Chapter 20.2
Chapter 20.2
Wasn’t my plan from the start to simply get what I wanted? If it failed this time, I could just try again later. Until then, I only needed to keep melting him with a sweet face and a gentle tone.
So I shouldn’t have been feeling like this now. My mouth shouldn’t have tasted bitter, like I was holding licorice under my tongue.
We are not equal. You are not on the same line as me.
My heart pounded in an uneven, unpleasant rhythm. My breath came tight and shallow. I couldn’t tell if the heat at my eyes was from tears or anger.
When I said nothing, Deputy Ki checked his wristwatch and let out a low sigh. Then he opened the door and waited for me to leave.
Dragging my white prison slippers, I walked past him through the open doorway.
Without a word, I walked down the dim, shabby corridor toward the cell. I could feel his eyes on me several times along the way, but I didn’t open my mouth. It wasn’t until I turned the corner and saw the familiar iron door at the end of the hall that I finally spoke.
“You told me I was a person.”
“……”
“You said this was a place where people live, and that inmate 7059 is also a person. You said that yourself.”
As I walked down the gray corridor, I dug into the tangled mess of emotions twisting inside me, peeling them back layer by layer. At the very bottom, I found something that had been there all along.

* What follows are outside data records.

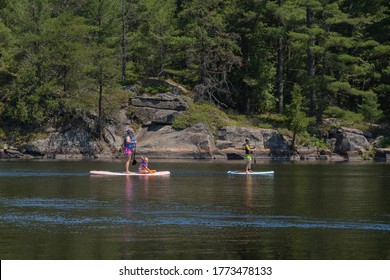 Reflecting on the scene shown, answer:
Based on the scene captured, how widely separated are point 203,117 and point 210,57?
6853 mm

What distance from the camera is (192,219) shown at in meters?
21.9

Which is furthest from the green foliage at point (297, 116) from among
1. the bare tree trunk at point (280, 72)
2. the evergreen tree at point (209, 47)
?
the evergreen tree at point (209, 47)

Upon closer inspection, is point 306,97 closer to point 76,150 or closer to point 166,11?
point 166,11

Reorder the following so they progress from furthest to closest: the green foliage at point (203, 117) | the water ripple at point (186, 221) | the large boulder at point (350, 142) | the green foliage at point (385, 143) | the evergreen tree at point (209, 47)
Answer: the evergreen tree at point (209, 47) → the green foliage at point (203, 117) → the green foliage at point (385, 143) → the large boulder at point (350, 142) → the water ripple at point (186, 221)

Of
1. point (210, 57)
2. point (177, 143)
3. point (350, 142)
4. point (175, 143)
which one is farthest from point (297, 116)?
point (210, 57)

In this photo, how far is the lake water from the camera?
55.7 ft

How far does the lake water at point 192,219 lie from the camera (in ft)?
55.7

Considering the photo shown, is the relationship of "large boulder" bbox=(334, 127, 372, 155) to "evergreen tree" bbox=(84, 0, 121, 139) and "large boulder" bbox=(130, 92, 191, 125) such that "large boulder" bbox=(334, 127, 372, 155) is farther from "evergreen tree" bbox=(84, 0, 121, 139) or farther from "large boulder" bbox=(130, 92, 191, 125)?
"evergreen tree" bbox=(84, 0, 121, 139)

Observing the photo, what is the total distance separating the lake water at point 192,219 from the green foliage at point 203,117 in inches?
1221

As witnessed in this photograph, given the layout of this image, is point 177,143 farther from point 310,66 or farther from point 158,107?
point 310,66

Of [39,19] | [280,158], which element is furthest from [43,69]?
[280,158]

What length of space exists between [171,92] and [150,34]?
548 centimetres

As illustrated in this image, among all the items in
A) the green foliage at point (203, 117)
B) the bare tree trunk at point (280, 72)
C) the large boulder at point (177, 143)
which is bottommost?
the large boulder at point (177, 143)

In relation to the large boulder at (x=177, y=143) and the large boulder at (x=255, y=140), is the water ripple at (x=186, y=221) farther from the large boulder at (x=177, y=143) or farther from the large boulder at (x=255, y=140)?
the large boulder at (x=255, y=140) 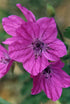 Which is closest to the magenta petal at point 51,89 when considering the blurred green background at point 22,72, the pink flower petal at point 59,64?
the pink flower petal at point 59,64

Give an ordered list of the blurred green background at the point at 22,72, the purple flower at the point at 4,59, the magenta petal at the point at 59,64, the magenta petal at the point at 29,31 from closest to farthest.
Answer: the magenta petal at the point at 29,31 → the magenta petal at the point at 59,64 → the purple flower at the point at 4,59 → the blurred green background at the point at 22,72

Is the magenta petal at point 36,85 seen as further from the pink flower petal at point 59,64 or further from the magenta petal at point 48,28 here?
the magenta petal at point 48,28

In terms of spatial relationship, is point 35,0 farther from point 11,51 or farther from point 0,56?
point 11,51

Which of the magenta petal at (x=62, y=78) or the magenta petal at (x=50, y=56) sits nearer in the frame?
the magenta petal at (x=50, y=56)

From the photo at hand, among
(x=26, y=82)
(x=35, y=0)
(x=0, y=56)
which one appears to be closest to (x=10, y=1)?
(x=35, y=0)

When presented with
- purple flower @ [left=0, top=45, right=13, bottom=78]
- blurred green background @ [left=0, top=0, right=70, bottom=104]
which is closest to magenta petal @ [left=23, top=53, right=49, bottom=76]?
purple flower @ [left=0, top=45, right=13, bottom=78]

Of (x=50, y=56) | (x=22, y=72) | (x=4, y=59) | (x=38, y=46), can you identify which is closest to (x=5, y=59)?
(x=4, y=59)

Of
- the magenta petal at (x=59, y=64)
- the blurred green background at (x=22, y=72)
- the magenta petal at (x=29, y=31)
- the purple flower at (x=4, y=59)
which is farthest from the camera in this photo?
the blurred green background at (x=22, y=72)

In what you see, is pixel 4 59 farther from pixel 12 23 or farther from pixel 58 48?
pixel 58 48

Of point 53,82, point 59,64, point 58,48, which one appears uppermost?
point 58,48

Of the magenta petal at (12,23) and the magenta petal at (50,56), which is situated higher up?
the magenta petal at (12,23) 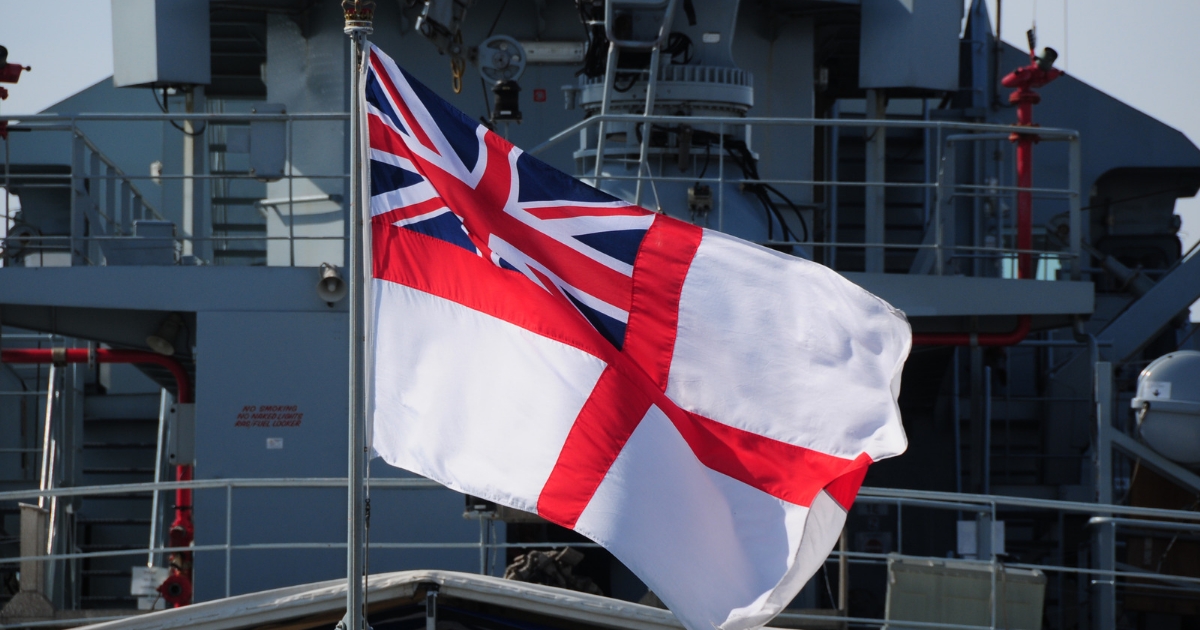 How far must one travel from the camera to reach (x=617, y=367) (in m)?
3.40

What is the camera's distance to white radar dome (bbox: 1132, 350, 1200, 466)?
7.18m

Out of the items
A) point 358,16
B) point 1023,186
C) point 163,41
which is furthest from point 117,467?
point 358,16

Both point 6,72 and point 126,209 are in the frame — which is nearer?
point 6,72

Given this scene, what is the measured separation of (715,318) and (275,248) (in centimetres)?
657

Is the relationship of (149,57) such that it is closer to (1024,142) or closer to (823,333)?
(1024,142)

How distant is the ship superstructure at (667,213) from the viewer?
6391 mm

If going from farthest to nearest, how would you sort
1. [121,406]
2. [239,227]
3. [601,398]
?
[239,227], [121,406], [601,398]

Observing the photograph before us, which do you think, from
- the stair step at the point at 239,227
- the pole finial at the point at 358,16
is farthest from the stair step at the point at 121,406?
the pole finial at the point at 358,16

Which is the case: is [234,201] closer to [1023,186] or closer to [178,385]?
[178,385]

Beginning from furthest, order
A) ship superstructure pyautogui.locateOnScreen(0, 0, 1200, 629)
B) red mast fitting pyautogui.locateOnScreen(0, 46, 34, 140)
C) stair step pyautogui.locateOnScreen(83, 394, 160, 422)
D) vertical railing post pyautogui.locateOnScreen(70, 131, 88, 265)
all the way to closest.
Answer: stair step pyautogui.locateOnScreen(83, 394, 160, 422) < red mast fitting pyautogui.locateOnScreen(0, 46, 34, 140) < vertical railing post pyautogui.locateOnScreen(70, 131, 88, 265) < ship superstructure pyautogui.locateOnScreen(0, 0, 1200, 629)

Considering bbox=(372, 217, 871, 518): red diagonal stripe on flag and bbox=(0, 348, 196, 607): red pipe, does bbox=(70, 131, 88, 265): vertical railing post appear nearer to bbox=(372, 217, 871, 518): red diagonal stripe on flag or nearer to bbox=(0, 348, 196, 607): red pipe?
bbox=(0, 348, 196, 607): red pipe

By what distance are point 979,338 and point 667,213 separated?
188cm

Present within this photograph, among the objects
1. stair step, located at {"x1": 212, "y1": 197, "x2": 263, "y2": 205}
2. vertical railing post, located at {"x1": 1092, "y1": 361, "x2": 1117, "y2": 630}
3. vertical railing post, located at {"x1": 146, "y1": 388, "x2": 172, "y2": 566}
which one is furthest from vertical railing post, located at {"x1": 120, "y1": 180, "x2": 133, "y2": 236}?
vertical railing post, located at {"x1": 1092, "y1": 361, "x2": 1117, "y2": 630}

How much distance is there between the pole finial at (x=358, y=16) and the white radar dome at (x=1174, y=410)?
18.5 ft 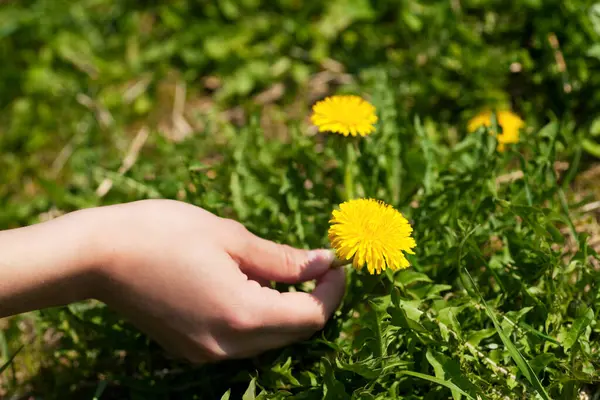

That vague, uneasy feeling I’d always had about Deputy Ki.
“But in the end, Deputy Ki, you still see me as a criminal before a person, don’t you?”
Doctor Ahn had called me a criminal too, but he still treated me like a human being. That was why he broke his own rules just to sneak me a cigarette, even when he got nothing in return.
Deputy Ki, on the other hand, called me human but looked at me like a sinner first. He placed limits and rules on the woman who said she liked him, even if that love was a lie. Because to him, that woman wasn’t his equal. Not the same kind of person.
So I guess what I felt was a kind of betrayal. He said one thing, but his actions said another.
Pathetic, isn’t it? I know. I don’t have the right to say any of this. Especially when I was the one who lied about liking him just to use him.
But think about it. In this prison, I was the weak one. He was the strong one. I was the prey, and he was the predator. In that kind of relationship, the prey’s hypocrisy is a means of survival, but the predator’s hypocrisy is deceit, plain and simple.
He shouldn’t have said all that about being human if he didn’t mean it.
Deputy Ki said nothing in return. I didn’t expect him to.
When we finally reached the barred door at the end of the long hallway, he hesitated for a moment.
I stared at the lock, silently urging him to hurry up and open it. He pulled the key from his belt, turned it in the lock, and pushed the door open.
As the metal door yawned wide, I started to step through, but a familiar grip caught my fingers. His hot hand wrapped tightly around mine, from my middle finger to my pinky. I glanced down at it, then lightly shook him off. The door closed slower than usual.
After a short pause, the sound of his footsteps echoed down the corridor, fading with each step. Only when they were gone did I slip off my shoes and step onto the yellow linoleum inside the cell.
The lights, as always, stayed on through the night. A row of women lay asleep on the navy blankets spread out on the floor. The only sound breaking the stillness was Wangnyeo’s loud, rhythmic snoring.
This isn’t where I belong. What did I do wrong to end up here… I’m not a criminal like he said. I’m not like them. I’m different…
The cell was dry, and a faint draft made the air chill. I pulled the rough blanket up to my shoulders and turned on my side, facing the smelly waste bucket. There had been so many freshly washed blankets stacked in the storage room. Where did they all go? The one I had smelled stale, like old dust and sweat.
“…D/1m.n it.”
The thought of the storage room brought the memories flooding back.
D!m.n it. Seriously, d.1m*n it. I muttered the curse again and again, though it never seemed to sit right on my tongue, and shut my eyes. It really was a wretched, unlucky day.